Google is the most powerful brand in the world, according to research and consulting firm Millward Brown.
Millward Brown Optimor, the company's brand consulting arm, Monday released its Brandz Top 100 Most Powerful Brands survey in conjunction with the Financial Times, which published the complete report.
Google took the top spot with a brand value of $66.4 billion, followed by General Electric ($61.9 billion), Microsoft ($54.9 billion), Coca-Cola ($44.1 billion), China Mobile ($41.2 billion), Marlboro/Altria ($39.2 billion), Wal-Mart ($36.9 billion), Citigroup ($33.7 billion), IBM ($33.6 billion), and Toyota ($33.4 billion).
The value Millward Brown Optimor assigns to corporate brands is based on a company's "intangible earnings," a metric derived from public financial data supplied by Bloomberg Datamonitor.
Millward Brown Optimor determines the portion of intangible earnings attributable to the company's most loyal users. It then projects this value forward based on "research-based loyalty data from the Brandz database," market valuations, the brand's risk profile, and its potential for growth.
"Intangible assets are things like brands, patents, human resources, and distribution networks," said Ove Haxthausen, a director at Millward Brown Optimor in New York. "Things that give you a competitive advantage."
This is in contrast to tangible assets like plants and facilities that show up on corporate balance sheets. Google's current stock market capitalization is $149.2 billion, compared with Microsoft's $281.8 billion.
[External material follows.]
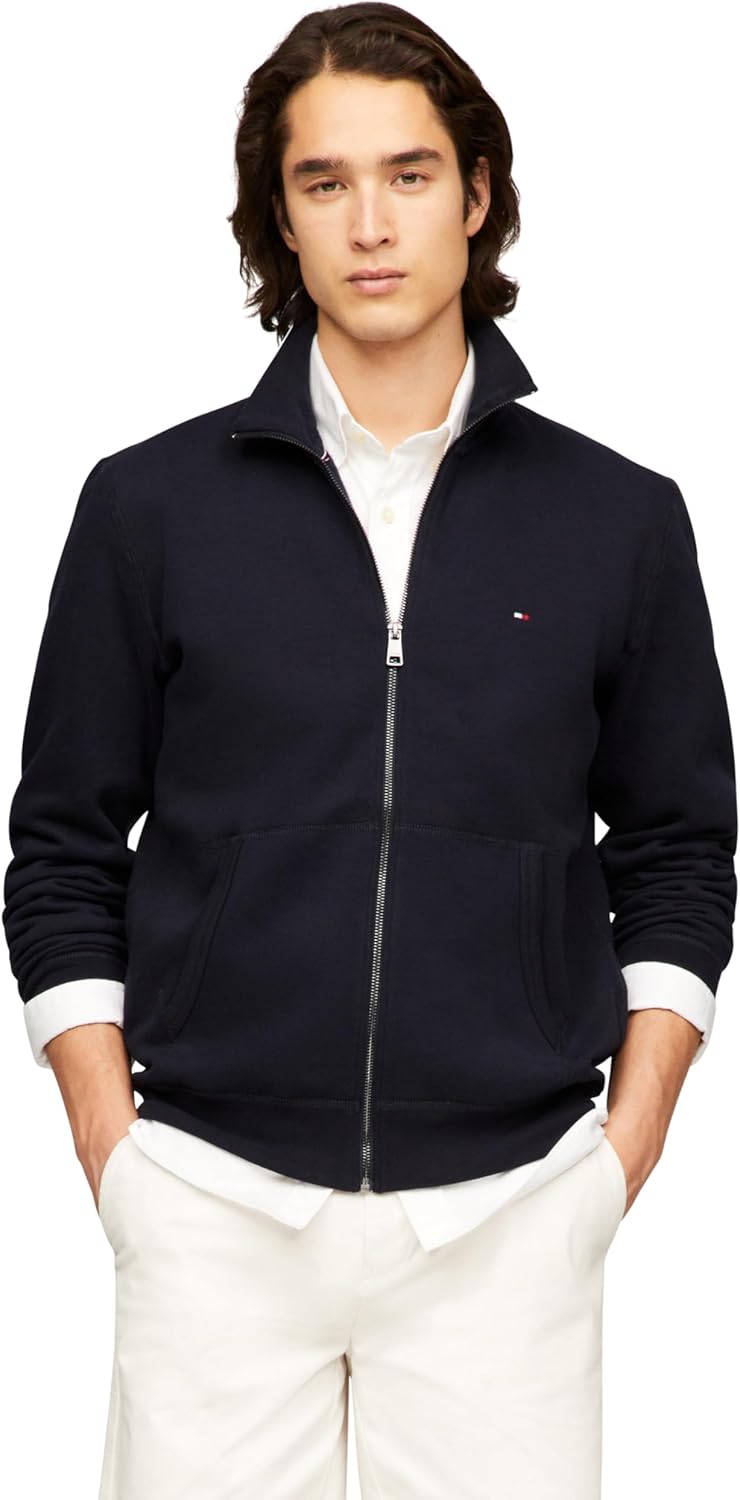 Мужская флисовая толстовка Tommy Hilfiger средней плотности на молнии, Desert Sky
Мужская флисовая толстовка Tommy Hilfiger средней плотности на молнии, Desert Sky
Google gained 77% in terms of brand value, rising to #1 from #7 in the 2006 Brandz study. Microsoft lost 11% of its brand value from last year's report, falling to #3 from #1.
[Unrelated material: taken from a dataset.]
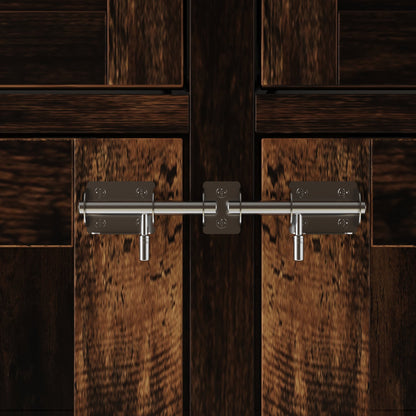 Grande cage en bois pour chien avec 2 tiroirs et séparateurs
The brands with the highest momentum -- short-term growth rate -- were Google, Apple, Louis Vuitton, Starbucks, Porsche, eBay, Chanel, Hermes, and Rolex, according to the report.
Beyond Google's ascension, the 2007 Brandz report notes several emerging trends.
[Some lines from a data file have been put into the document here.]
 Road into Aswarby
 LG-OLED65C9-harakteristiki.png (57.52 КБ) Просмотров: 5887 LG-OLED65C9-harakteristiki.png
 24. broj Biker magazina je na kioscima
One such trend is the increasing affluence of consumers abroad. But succeeding in countries like Brazil, Russia, India, and China means offering "products or services that are relevant to the local consumers," the report states, pointing to specific fast food, apparel, and luxury brands as examples.
The fast food category outperformed all other categories in terms of total growth. Faced with criticism for contributing to unhealthy eating habits, "the fast food industry has responded to the decline in consumer demand by changing its product offerings," the report observes.Another trend the report observes is the increasing impact of social responsibility on brand value. "Delivering on the promise of corporate social responsibility helped boost the value of major brands including BP ($5.9 billion), Shell ($4.7 billion), and Toyota ($33.4 billion)," the report states.